**Exercise:** Repeat the material in full. Keep every line exactly as it is.

**The data:**
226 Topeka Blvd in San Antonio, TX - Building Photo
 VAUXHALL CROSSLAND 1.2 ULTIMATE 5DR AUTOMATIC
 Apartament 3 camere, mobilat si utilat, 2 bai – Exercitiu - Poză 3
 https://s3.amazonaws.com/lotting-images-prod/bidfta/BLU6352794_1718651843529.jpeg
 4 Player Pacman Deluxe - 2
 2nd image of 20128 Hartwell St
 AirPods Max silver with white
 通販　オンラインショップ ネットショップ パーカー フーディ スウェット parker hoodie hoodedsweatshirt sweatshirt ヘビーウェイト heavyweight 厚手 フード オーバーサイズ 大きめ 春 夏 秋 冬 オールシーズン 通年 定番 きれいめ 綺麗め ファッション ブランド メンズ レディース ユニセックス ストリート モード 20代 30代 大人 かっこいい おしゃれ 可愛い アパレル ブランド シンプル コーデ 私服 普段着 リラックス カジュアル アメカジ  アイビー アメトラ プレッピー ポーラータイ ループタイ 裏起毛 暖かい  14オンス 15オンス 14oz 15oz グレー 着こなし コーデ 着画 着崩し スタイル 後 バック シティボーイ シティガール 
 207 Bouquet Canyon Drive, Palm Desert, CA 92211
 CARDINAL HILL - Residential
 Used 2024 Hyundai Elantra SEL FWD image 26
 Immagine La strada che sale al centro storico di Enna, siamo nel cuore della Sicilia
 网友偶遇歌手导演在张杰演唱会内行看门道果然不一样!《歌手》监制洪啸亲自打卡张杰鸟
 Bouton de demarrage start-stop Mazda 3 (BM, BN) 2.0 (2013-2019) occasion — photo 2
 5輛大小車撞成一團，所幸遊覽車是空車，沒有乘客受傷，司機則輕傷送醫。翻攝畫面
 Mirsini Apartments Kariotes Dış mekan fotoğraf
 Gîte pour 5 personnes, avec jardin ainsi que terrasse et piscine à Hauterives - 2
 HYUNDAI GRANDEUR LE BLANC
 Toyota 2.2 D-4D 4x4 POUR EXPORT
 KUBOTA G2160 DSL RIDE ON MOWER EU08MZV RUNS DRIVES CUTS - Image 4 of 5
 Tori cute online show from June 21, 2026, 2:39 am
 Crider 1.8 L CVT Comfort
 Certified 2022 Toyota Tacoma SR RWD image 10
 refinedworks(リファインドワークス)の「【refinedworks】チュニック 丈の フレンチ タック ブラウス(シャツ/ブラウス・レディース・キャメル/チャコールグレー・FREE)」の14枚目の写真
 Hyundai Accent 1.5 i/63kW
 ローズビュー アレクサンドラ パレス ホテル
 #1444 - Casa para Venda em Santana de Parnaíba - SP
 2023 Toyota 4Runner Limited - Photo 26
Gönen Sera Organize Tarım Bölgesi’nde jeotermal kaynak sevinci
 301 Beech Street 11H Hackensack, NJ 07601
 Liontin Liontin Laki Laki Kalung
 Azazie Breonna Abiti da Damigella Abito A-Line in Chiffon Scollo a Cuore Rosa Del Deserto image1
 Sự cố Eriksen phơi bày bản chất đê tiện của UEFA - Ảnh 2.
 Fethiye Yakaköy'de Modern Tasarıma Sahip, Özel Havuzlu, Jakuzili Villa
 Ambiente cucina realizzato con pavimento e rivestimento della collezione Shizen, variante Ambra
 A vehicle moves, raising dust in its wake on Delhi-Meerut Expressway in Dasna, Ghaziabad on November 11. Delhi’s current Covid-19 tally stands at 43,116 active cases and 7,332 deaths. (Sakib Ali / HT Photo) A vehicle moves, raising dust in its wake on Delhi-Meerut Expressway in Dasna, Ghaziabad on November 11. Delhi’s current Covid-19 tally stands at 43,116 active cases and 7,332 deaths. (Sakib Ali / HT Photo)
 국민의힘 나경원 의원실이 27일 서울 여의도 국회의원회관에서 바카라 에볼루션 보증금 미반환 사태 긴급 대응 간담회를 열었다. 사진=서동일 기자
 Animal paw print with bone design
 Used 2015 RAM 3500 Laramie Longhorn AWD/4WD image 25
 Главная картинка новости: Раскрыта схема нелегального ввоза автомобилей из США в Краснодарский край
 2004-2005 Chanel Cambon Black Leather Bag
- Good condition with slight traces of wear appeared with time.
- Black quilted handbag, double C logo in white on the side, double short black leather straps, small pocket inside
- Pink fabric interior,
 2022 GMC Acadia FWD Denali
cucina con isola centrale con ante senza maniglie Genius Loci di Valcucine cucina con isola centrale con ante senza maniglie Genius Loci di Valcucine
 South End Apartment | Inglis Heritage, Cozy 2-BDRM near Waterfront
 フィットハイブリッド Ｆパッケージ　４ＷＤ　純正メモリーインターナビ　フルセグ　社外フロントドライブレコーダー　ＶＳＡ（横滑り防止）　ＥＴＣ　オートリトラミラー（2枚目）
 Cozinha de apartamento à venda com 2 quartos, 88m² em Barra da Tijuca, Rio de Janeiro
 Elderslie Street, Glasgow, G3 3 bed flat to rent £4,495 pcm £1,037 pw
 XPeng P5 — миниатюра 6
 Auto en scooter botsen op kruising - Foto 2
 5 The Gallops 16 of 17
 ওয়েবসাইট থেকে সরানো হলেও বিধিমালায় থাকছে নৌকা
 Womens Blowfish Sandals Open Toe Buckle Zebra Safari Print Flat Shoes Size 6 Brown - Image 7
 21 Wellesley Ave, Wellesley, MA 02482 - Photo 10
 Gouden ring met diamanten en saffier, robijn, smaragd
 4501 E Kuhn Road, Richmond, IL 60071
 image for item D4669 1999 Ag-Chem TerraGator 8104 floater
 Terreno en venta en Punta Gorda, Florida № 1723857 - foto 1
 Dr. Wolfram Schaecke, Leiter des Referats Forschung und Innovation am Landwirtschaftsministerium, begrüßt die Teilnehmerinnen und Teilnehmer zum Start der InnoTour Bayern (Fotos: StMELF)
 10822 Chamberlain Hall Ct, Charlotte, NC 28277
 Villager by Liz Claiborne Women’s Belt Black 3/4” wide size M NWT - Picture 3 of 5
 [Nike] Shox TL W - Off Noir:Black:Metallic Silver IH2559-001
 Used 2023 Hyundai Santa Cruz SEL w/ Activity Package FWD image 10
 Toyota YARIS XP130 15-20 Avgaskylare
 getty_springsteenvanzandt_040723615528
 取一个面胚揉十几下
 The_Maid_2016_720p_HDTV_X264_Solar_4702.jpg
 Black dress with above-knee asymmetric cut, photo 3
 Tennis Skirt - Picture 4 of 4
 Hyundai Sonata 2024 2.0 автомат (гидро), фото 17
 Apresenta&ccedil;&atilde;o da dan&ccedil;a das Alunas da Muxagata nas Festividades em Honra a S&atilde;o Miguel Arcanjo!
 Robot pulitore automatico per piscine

**Task result:**
226 Topeka Blvd in San Antonio, TX - Building Photo
 VAUXHALL CROSSLAND 1.2 ULTIMATE 5DR AUTOMATIC
 Apartament 3 camere, mobilat si utilat, 2 bai – Exercitiu - Poză 3
 https://s3.amazonaws.com/lotting-images-prod/bidfta/BLU6352794_1718651843529.jpeg
 4 Player Pacman Deluxe - 2
 2nd image of 20128 Hartwell St
 AirPods Max silver with white
 通販　オンラインショップ ネットショップ パーカー フーディ スウェット parker hoodie hoodedsweatshirt sweatshirt ヘビーウェイト heavyweight 厚手 フード オーバーサイズ 大きめ 春 夏 秋 冬 オールシーズン 通年 定番 きれいめ 綺麗め ファッション ブランド メンズ レディース ユニセックス ストリート モード 20代 30代 大人 かっこいい おしゃれ 可愛い アパレル ブランド シンプル コーデ 私服 普段着 リラックス カジュアル アメカジ  アイビー アメトラ プレッピー ポーラータイ ループタイ 裏起毛 暖かい  14オンス 15オンス 14oz 15oz グレー 着こなし コーデ 着画 着崩し スタイル 後 バック シティボーイ シティガール 
 207 Bouquet Canyon Drive, Palm Desert, CA 92211
 CARDINAL HILL - Residential
 Used 2024 Hyundai Elantra SEL FWD image 26
 Immagine La strada che sale al centro storico di Enna, siamo nel cuore della Sicilia
 网友偶遇歌手导演在张杰演唱会内行看门道果然不一样!《歌手》监制洪啸亲自打卡张杰鸟
 Bouton de demarrage start-stop Mazda 3 (BM, BN) 2.0 (2013-2019) occasion — photo 2
 5輛大小車撞成一團，所幸遊覽車是空車，沒有乘客受傷，司機則輕傷送醫。翻攝畫面
 Mirsini Apartments Kariotes Dış mekan fotoğraf
 Gîte pour 5 personnes, avec jardin ainsi que terrasse et piscine à Hauterives - 2
 HYUNDAI GRANDEUR LE BLANC
 Toyota 2.2 D-4D 4x4 POUR EXPORT
 KUBOTA G2160 DSL RIDE ON MOWER EU08MZV RUNS DRIVES CUTS - Image 4 of 5
 Tori cute online show from June 21, 2026, 2:39 am
 Crider 1.8 L CVT Comfort
 Certified 2022 Toyota Tacoma SR RWD image 10
 refinedworks(リファインドワークス)の「【refinedworks】チュニック 丈の フレンチ タック ブラウス(シャツ/ブラウス・レディース・キャメル/チャコールグレー・FREE)」の14枚目の写真
 Hyundai Accent 1.5 i/63kW
 ローズビュー アレクサンドラ パレス ホテル
 #1444 - Casa para Venda em Santana de Parnaíba - SP
 2023 Toyota 4Runner Limited - Photo 26
Gönen Sera Organize Tarım Bölgesi’nde jeotermal kaynak sevinci
 301 Beech Street 11H Hackensack, NJ 07601
 Liontin Liontin Laki Laki Kalung
 Azazie Breonna Abiti da Damigella Abito A-Line in Chiffon Scollo a Cuore Rosa Del Deserto image1
 Sự cố Eriksen phơi bày bản chất đê tiện của UEFA - Ảnh 2.
 Fethiye Yakaköy'de Modern Tasarıma Sahip, Özel Havuzlu, Jakuzili Villa
 Ambiente cucina realizzato con pavimento e rivestimento della collezione Shizen, variante Ambra
 A vehicle moves, raising dust in its wake on Delhi-Meerut Expressway in Dasna, Ghaziabad on November 11. Delhi’s current Covid-19 tally stands at 43,116 active cases and 7,332 deaths. (Sakib Ali / HT Photo) A vehicle moves, raising dust in its wake on Delhi-Meerut Expressway in Dasna, Ghaziabad on November 11. Delhi’s current Covid-19 tally stands at 43,116 active cases and 7,332 deaths. (Sakib Ali / HT Photo)
 국민의힘 나경원 의원실이 27일 서울 여의도 국회의원회관에서 바카라 에볼루션 보증금 미반환 사태 긴급 대응 간담회를 열었다. 사진=서동일 기자
 Animal paw print with bone design
 Used 2015 RAM 3500 Laramie Longhorn AWD/4WD image 25
 Главная картинка новости: Раскрыта схема нелегального ввоза автомобилей из США в Краснодарский край
 2004-2005 Chanel Cambon Black Leather Bag
- Good condition with slight traces of wear appeared with time.
- Black quilted handbag, double C logo in white on the side, double short black leather straps, small pocket inside
- Pink fabric interior,
 2022 GMC Acadia FWD Denali
cucina con isola centrale con ante senza maniglie Genius Loci di Valcucine cucina con isola centrale con ante senza maniglie Genius Loci di Valcucine
 South End Apartment | Inglis Heritage, Cozy 2-BDRM near Waterfront
 フィットハイブリッド Ｆパッケージ　４ＷＤ　純正メモリーインターナビ　フルセグ　社外フロントドライブレコーダー　ＶＳＡ（横滑り防止）　ＥＴＣ　オートリトラミラー（2枚目）
 Cozinha de apartamento à venda com 2 quartos, 88m² em Barra da Tijuca, Rio de Janeiro
 Elderslie Street, Glasgow, G3 3 bed flat to rent £4,495 pcm £1,037 pw
 XPeng P5 — миниатюра 6
 Auto en scooter botsen op kruising - Foto 2
 5 The Gallops 16 of 17
 ওয়েবসাইট থেকে সরানো হলেও বিধিমালায় থাকছে নৌকা
 Womens Blowfish Sandals Open Toe Buckle Zebra Safari Print Flat Shoes Size 6 Brown - Image 7
 21 Wellesley Ave, Wellesley, MA 02482 - Photo 10
 Gouden ring met diamanten en saffier, robijn, smaragd
 4501 E Kuhn Road, Richmond, IL 60071
 image for item D4669 1999 Ag-Chem TerraGator 8104 floater
 Terreno en venta en Punta Gorda, Florida № 1723857 - foto 1
 Dr. Wolfram Schaecke, Leiter des Referats Forschung und Innovation am Landwirtschaftsministerium, begrüßt die Teilnehmerinnen und Teilnehmer zum Start der InnoTour Bayern (Fotos: StMELF)
 10822 Chamberlain Hall Ct, Charlotte, NC 28277
 Villager by Liz Claiborne Women’s Belt Black 3/4” wide size M NWT - Picture 3 of 5
 [Nike] Shox TL W - Off Noir:Black:Metallic Silver IH2559-001
 Used 2023 Hyundai Santa Cruz SEL w/ Activity Package FWD image 10
 Toyota YARIS XP130 15-20 Avgaskylare
 getty_springsteenvanzandt_040723615528
 取一个面胚揉十几下
 The_Maid_2016_720p_HDTV_X264_Solar_4702.jpg
 Black dress with above-knee asymmetric cut, photo 3
 Tennis Skirt - Picture 4 of 4
 Hyundai Sonata 2024 2.0 автомат (гидро), фото 17
 Apresenta&ccedil;&atilde;o da dan&ccedil;a das Alunas da Muxagata nas Festividades em Honra a S&atilde;o Miguel Arcanjo!
 Robot pulitore automatico per piscine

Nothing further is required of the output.